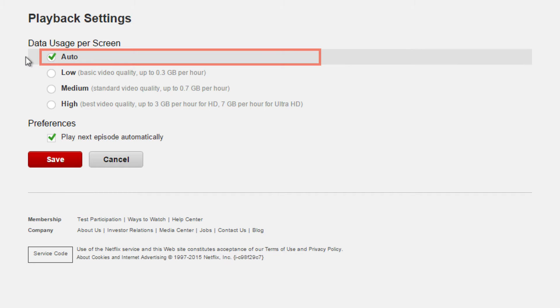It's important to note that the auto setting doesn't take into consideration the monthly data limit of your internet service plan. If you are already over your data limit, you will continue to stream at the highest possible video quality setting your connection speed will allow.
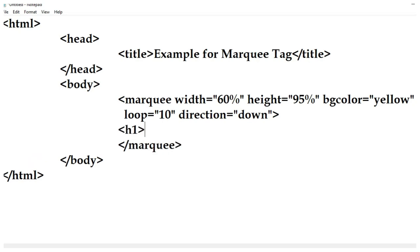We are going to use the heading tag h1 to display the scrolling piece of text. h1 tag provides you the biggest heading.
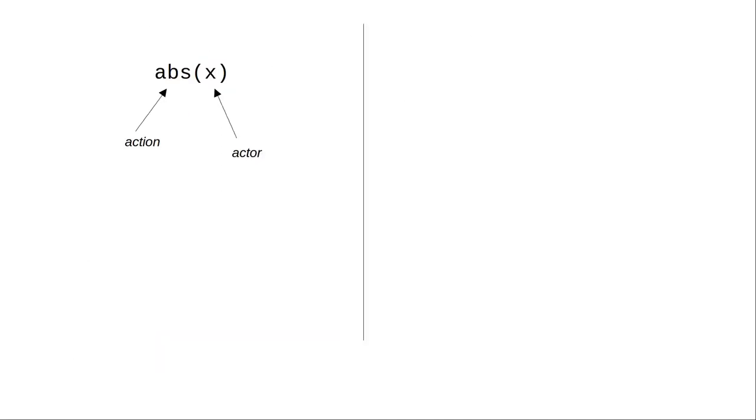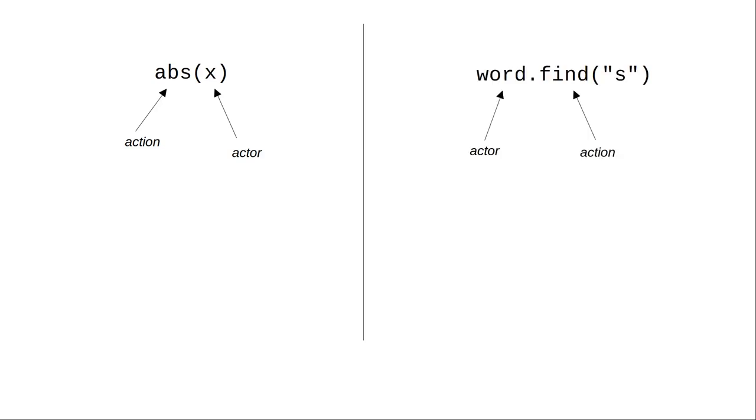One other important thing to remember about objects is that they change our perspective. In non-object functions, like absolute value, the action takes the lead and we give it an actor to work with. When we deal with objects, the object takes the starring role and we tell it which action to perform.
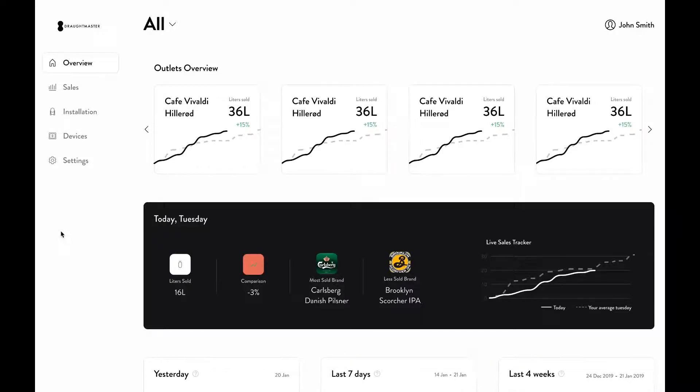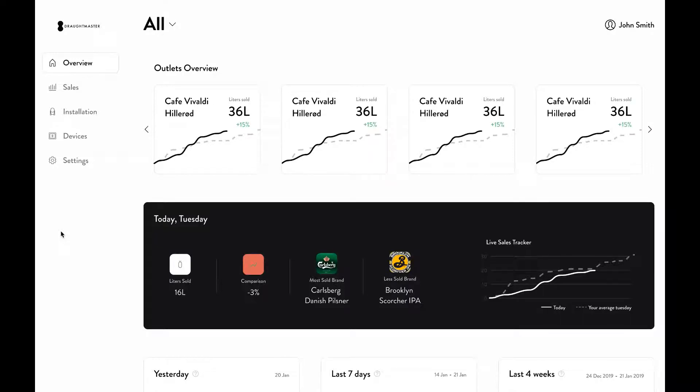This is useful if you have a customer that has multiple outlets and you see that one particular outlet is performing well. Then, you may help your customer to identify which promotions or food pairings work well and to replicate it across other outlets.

# # # #

__WORK ORDER__. The output consists of exactly the lines from the one containing "We are going" through the last line of the listing, both included, with no pictures.

__EXERCISE OUTPUT__.
We are going to use the heading tag h1 to display the scrolling piece of text. h1 tag provides you the biggest heading.
One other important thing to remember about objects is that they change our perspective. In non-object functions, like absolute value, the action takes the lead and we give it an actor to work with. When we deal with objects, the object takes the starring role and we tell it which action to perform.
This is useful if you have a customer that has multiple outlets and you see that one particular outlet is performing well. Then, you may help your customer to identify which promotions or food pairings work well and to replicate it across other outlets.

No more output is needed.